• _What is being asked_: Below are records with pictures. Reproduce exactly the lines from the line with "White Seashore Cropped" to the line with "bohekant Semi Sheer", inclusive, and leave each picture out.

• _Extracted data_:
________________________________________
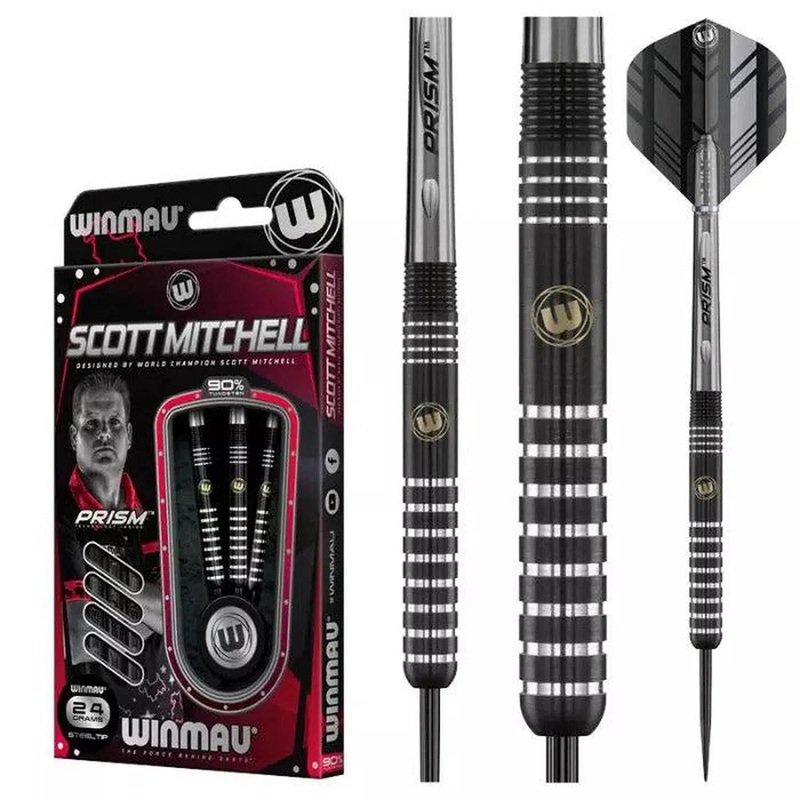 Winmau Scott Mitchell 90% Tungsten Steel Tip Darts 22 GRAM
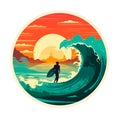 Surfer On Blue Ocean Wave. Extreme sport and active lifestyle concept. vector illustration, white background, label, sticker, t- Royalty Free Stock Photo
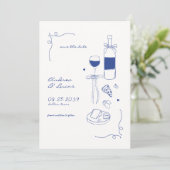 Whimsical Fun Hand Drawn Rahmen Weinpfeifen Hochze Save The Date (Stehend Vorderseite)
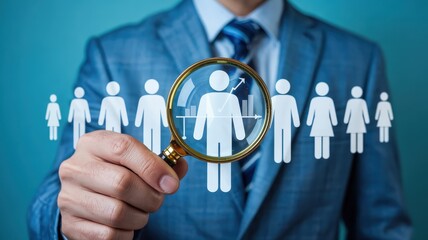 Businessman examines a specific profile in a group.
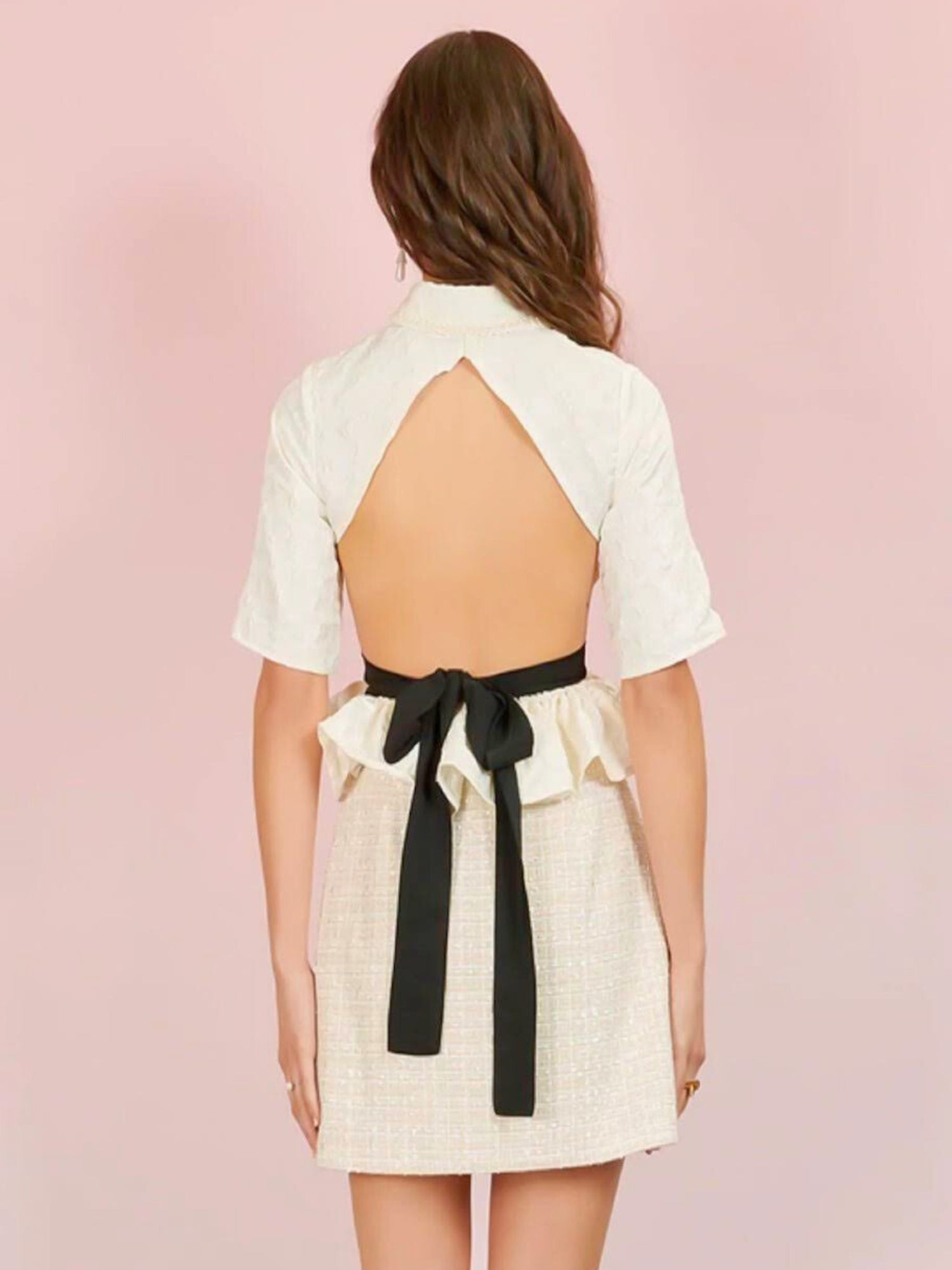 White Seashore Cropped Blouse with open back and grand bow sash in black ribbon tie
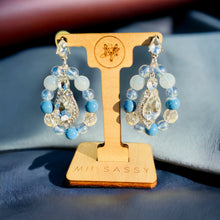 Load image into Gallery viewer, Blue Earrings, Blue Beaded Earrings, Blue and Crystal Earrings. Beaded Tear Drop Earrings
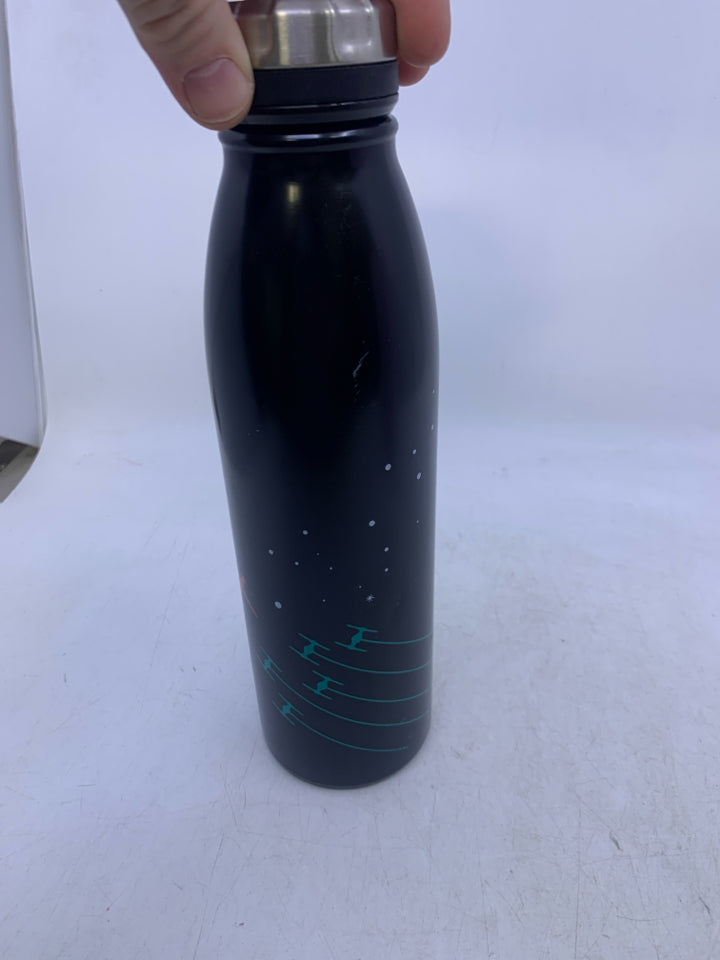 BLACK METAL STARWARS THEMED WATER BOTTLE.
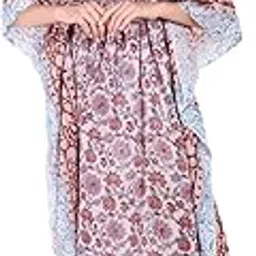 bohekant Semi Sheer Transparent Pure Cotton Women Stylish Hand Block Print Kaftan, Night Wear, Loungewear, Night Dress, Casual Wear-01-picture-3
________________________________________
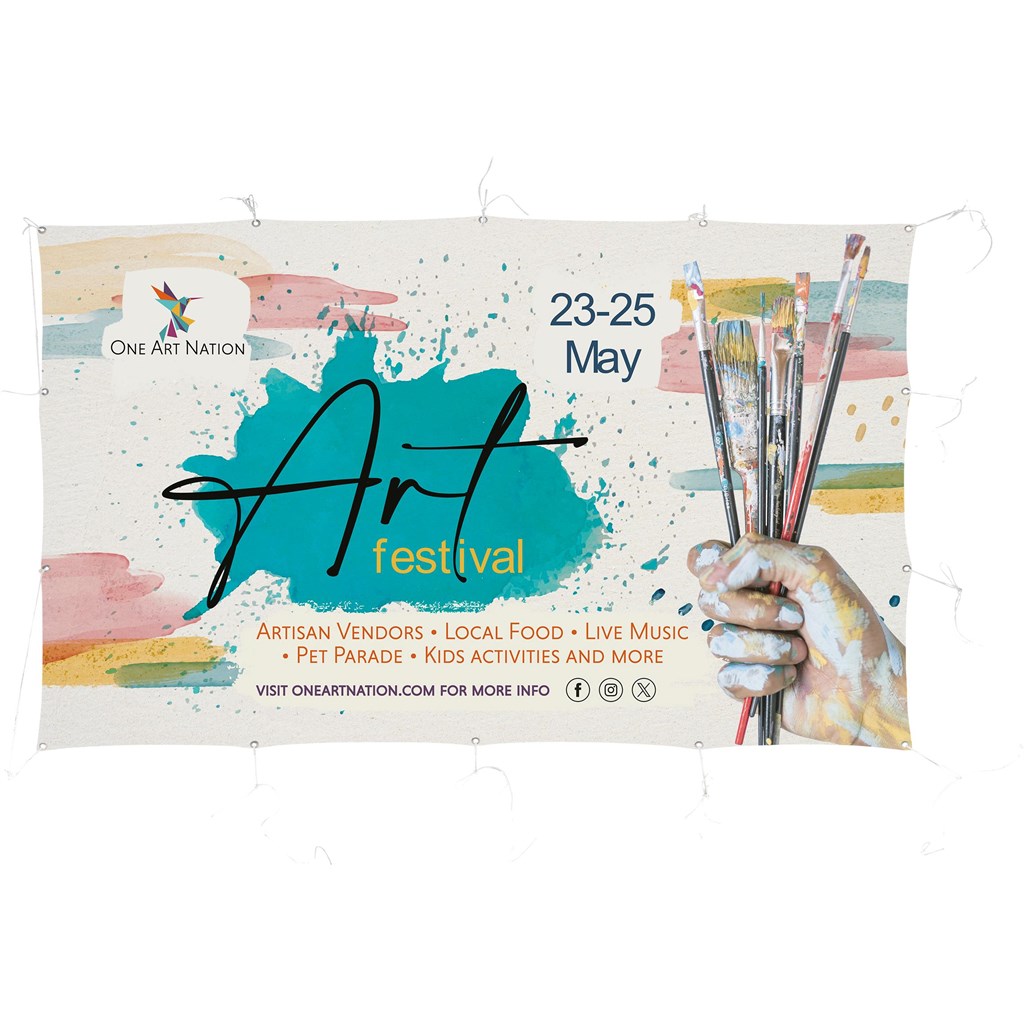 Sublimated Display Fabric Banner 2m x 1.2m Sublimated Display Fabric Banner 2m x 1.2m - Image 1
________________________________________
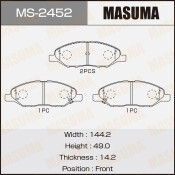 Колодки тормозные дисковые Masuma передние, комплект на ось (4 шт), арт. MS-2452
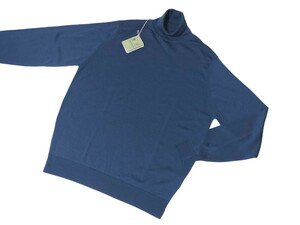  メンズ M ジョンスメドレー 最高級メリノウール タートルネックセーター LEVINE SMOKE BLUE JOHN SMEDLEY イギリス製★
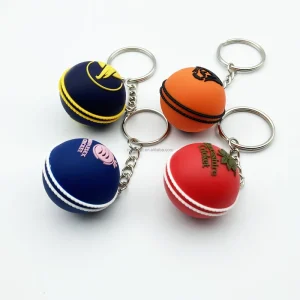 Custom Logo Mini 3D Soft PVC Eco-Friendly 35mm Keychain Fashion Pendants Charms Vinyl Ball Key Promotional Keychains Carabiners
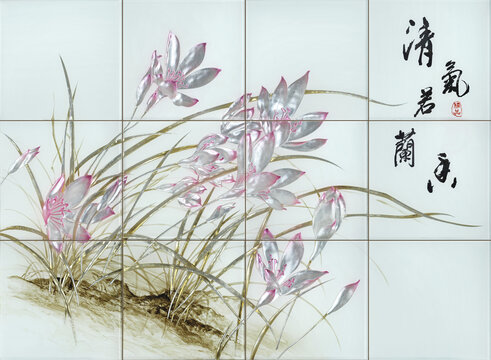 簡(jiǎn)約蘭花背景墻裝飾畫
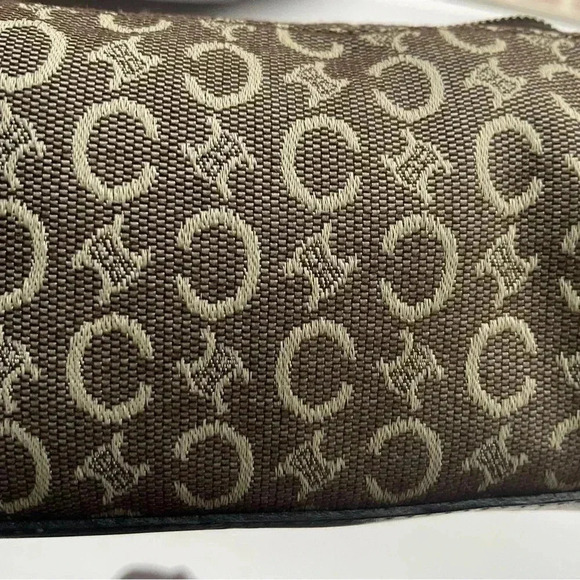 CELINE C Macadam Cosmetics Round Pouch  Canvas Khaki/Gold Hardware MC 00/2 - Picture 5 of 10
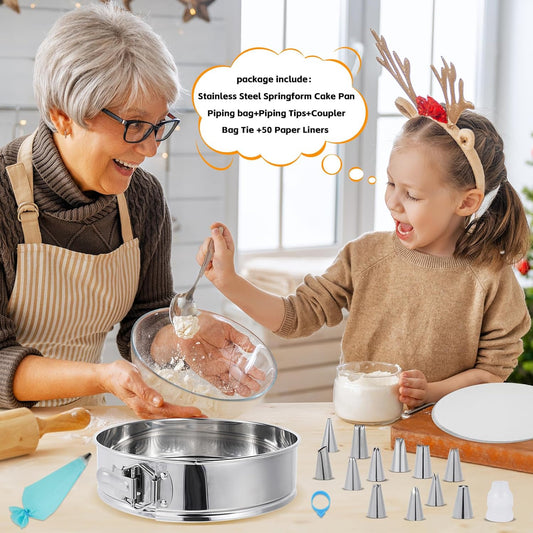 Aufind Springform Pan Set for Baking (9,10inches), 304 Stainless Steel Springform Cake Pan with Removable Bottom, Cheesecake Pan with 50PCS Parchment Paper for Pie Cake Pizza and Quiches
________________________________________
• _Task answer_:
 White Seashore Cropped Blouse with open back and grand bow sash in black ribbon tie
 Load image into Gallery viewer, Blue Earrings, Blue Beaded Earrings, Blue and Crystal Earrings. Beaded Tear Drop Earrings
 BLACK METAL STARWARS THEMED WATER BOTTLE.
 bohekant Semi Sheer Transparent Pure Cotton Women Stylish Hand Block Print Kaftan, Night Wear, Loungewear, Night Dress, Casual Wear-01-picture-3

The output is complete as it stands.